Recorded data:

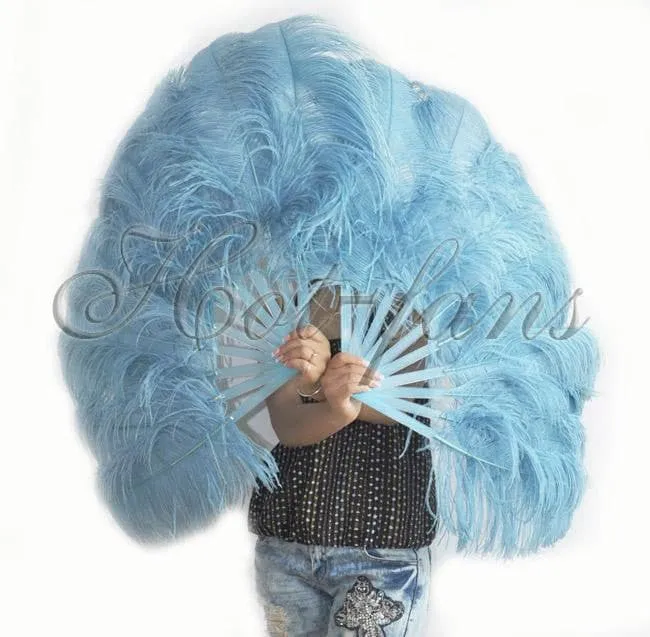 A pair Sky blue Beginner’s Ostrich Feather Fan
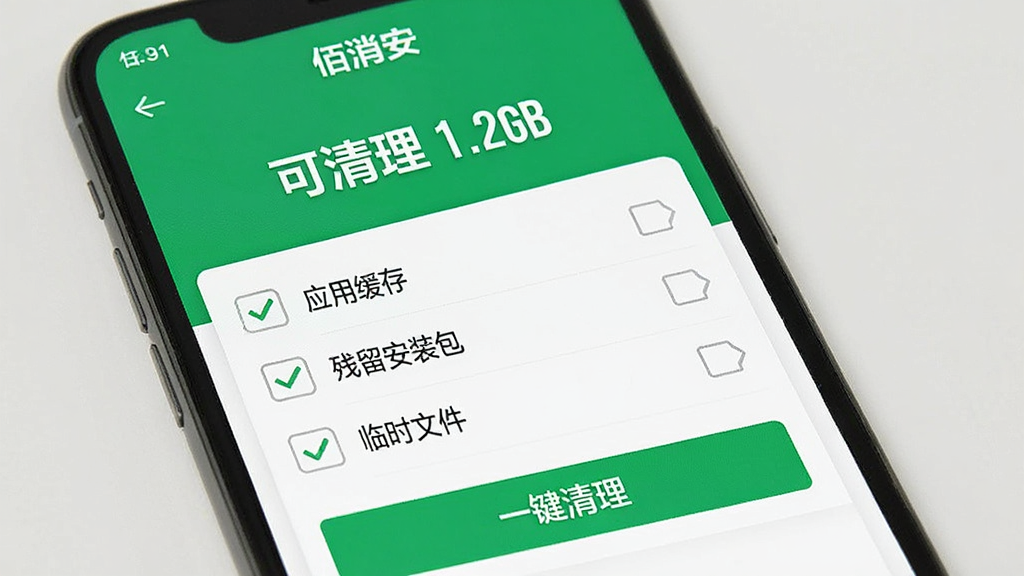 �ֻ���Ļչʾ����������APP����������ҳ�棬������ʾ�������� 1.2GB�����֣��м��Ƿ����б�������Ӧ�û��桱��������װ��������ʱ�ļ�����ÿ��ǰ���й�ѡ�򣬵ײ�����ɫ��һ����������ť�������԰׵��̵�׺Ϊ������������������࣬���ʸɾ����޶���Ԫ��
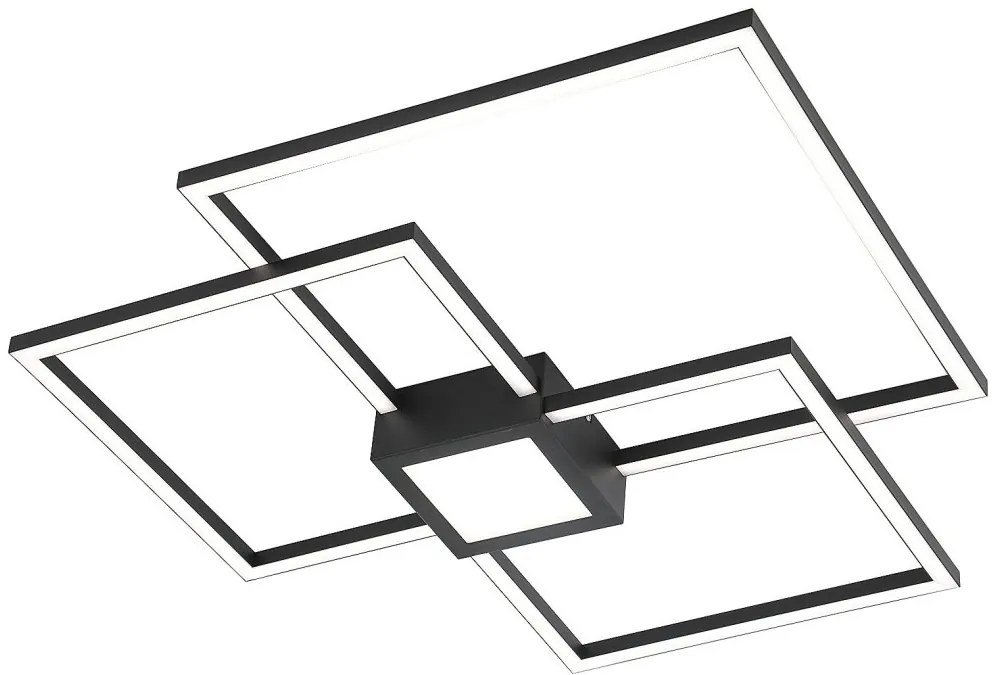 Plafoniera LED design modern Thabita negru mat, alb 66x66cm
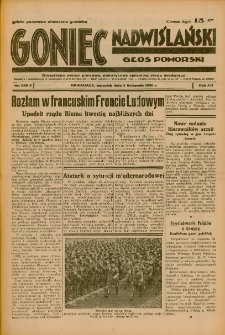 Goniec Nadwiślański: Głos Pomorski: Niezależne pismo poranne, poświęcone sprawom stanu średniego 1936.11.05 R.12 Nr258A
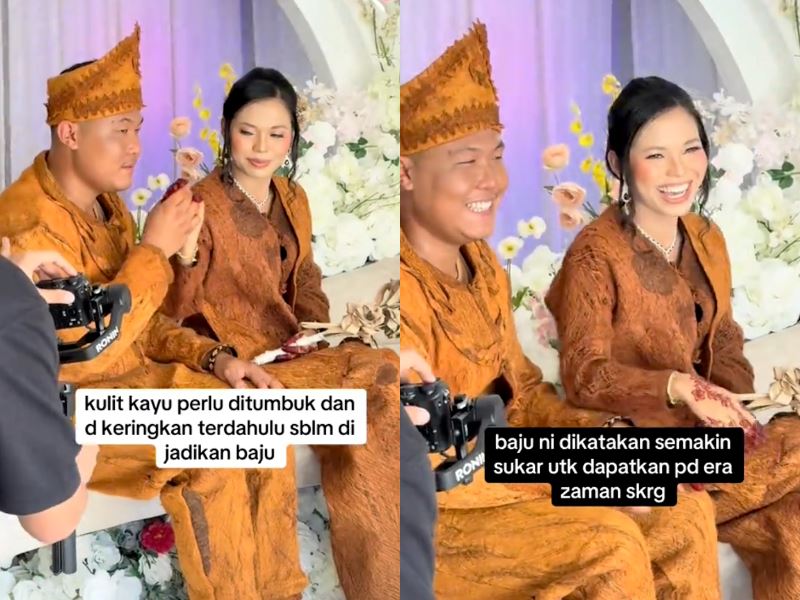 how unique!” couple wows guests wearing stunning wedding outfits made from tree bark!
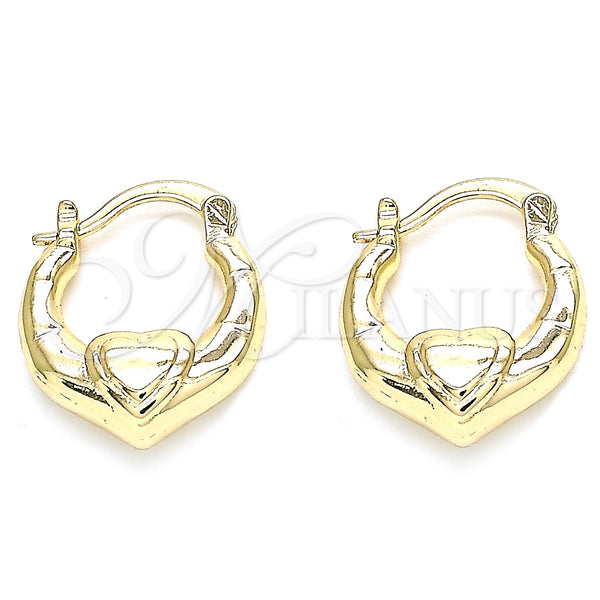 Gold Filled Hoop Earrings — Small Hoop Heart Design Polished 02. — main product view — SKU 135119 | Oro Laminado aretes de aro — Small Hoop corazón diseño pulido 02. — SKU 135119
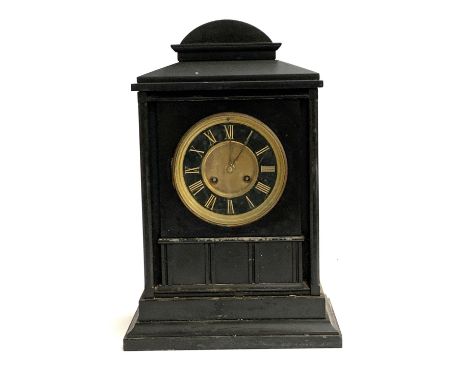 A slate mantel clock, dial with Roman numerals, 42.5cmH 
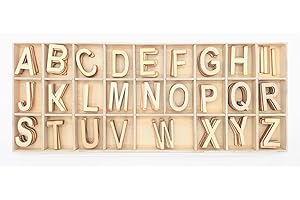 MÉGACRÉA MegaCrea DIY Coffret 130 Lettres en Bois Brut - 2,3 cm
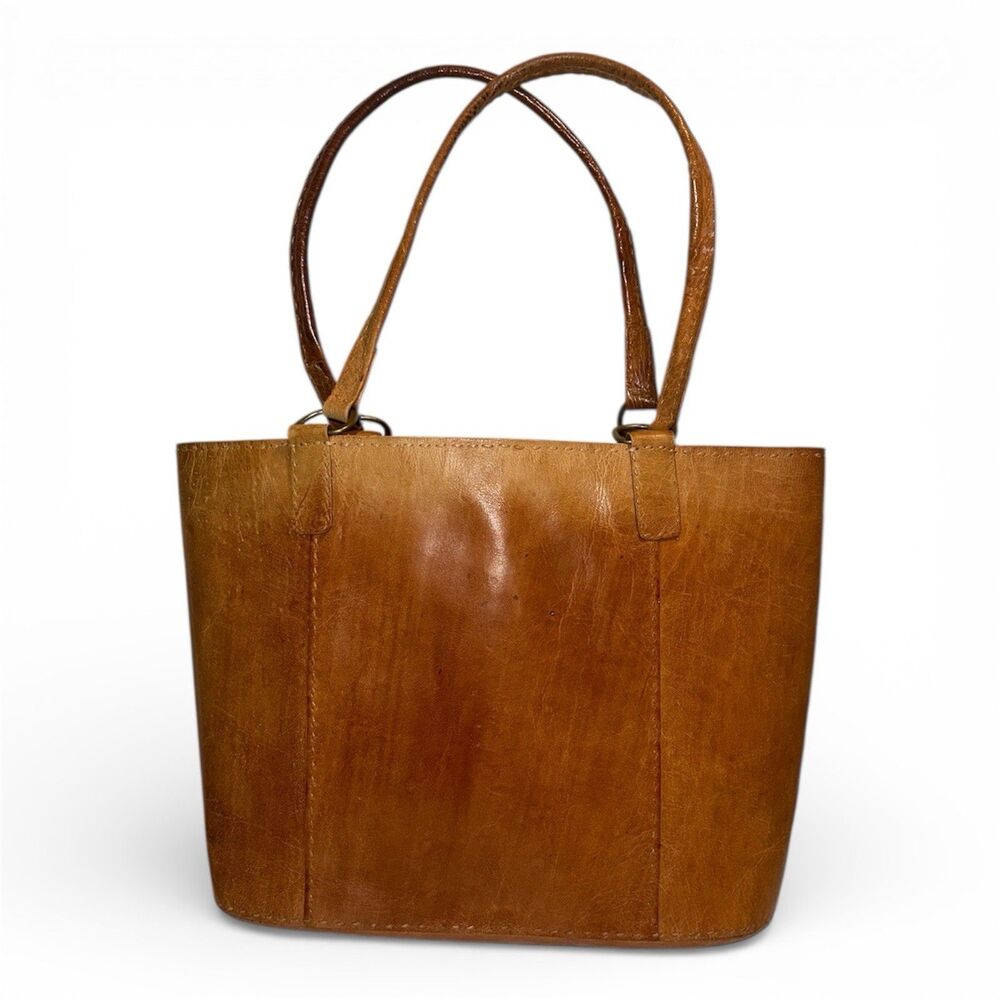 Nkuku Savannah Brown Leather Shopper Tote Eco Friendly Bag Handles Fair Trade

REQUIRED WORK: Retype all entries exactly; omit pictures.

YOUR SOLUTION:
 A pair Sky blue Beginner’s Ostrich Feather Fan
 �ֻ���Ļչʾ����������APP����������ҳ�棬������ʾ�������� 1.2GB�����֣��м��Ƿ����б�������Ӧ�û��桱��������װ��������ʱ�ļ�����ÿ��ǰ���й�ѡ�򣬵ײ�����ɫ��һ����������ť�������԰׵��̵�׺Ϊ������������������࣬���ʸɾ����޶���Ԫ��
 Plafoniera LED design modern Thabita negru mat, alb 66x66cm
 Goniec Nadwiślański: Głos Pomorski: Niezależne pismo poranne, poświęcone sprawom stanu średniego 1936.11.05 R.12 Nr258A
 how unique!” couple wows guests wearing stunning wedding outfits made from tree bark!
 Gold Filled Hoop Earrings — Small Hoop Heart Design Polished 02. — main product view — SKU 135119 | Oro Laminado aretes de aro — Small Hoop corazón diseño pulido 02. — SKU 135119
 A slate mantel clock, dial with Roman numerals, 42.5cmH 
 MÉGACRÉA MegaCrea DIY Coffret 130 Lettres en Bois Brut - 2,3 cm
 Nkuku Savannah Brown Leather Shopper Tote Eco Friendly Bag Handles Fair Trade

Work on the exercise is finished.